- [Task brief]
From the material below, retype exactly the lines that begin at the line with "Songmics Slim Bathroom" and end after the line with "Depodaki çeşitli gönüllülerin"; pictures stay out of the copy.

- [Data extract]
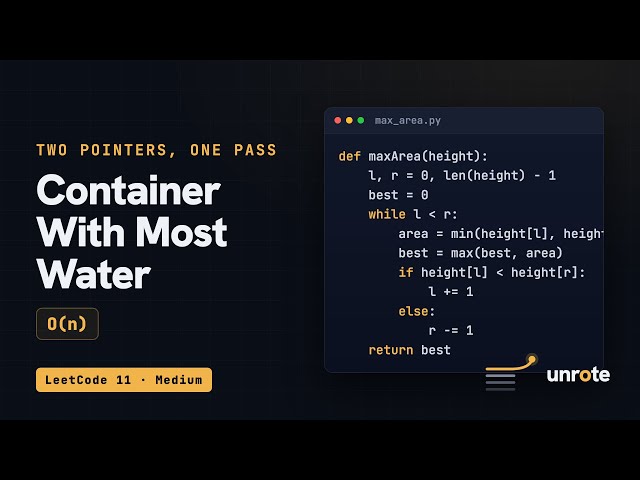 Container With Most Water (LeetCode 11) | Two Pointers Explained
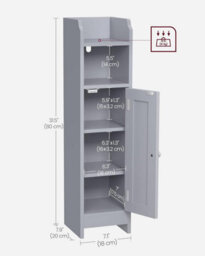 Songmics Slim Bathroom Floor Storage Cabinet, Freestanding Bathroom Storage Unit, Narrow Bathroom Storage Cabinet, Dove Grey - thumbnail 2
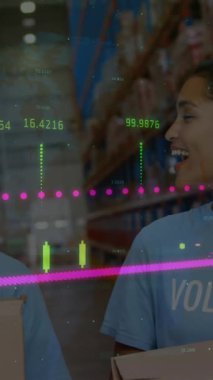 Depodaki çeşitli gönüllülerin finansal veri işleme animasyonları. küresel sevkiyat, dağıtım ve bağlantılar konsepti dijital olarak oluşturulmuş video.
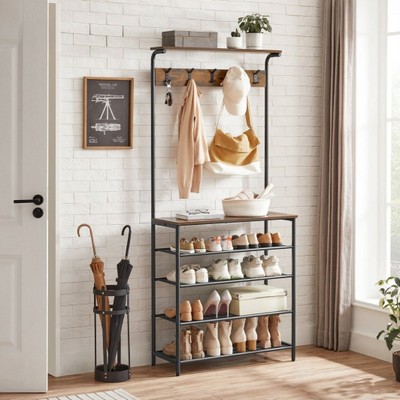 Stojkë rrobash OSKAR Clothes Rack Stand, me rafte këpucësh, rustic brown e zezë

- [Solution to the problem]
 Songmics Slim Bathroom Floor Storage Cabinet, Freestanding Bathroom Storage Unit, Narrow Bathroom Storage Cabinet, Dove Grey - thumbnail 2
 Depodaki çeşitli gönüllülerin finansal veri işleme animasyonları. küresel sevkiyat, dağıtım ve bağlantılar konsepti dijital olarak oluşturulmuş video.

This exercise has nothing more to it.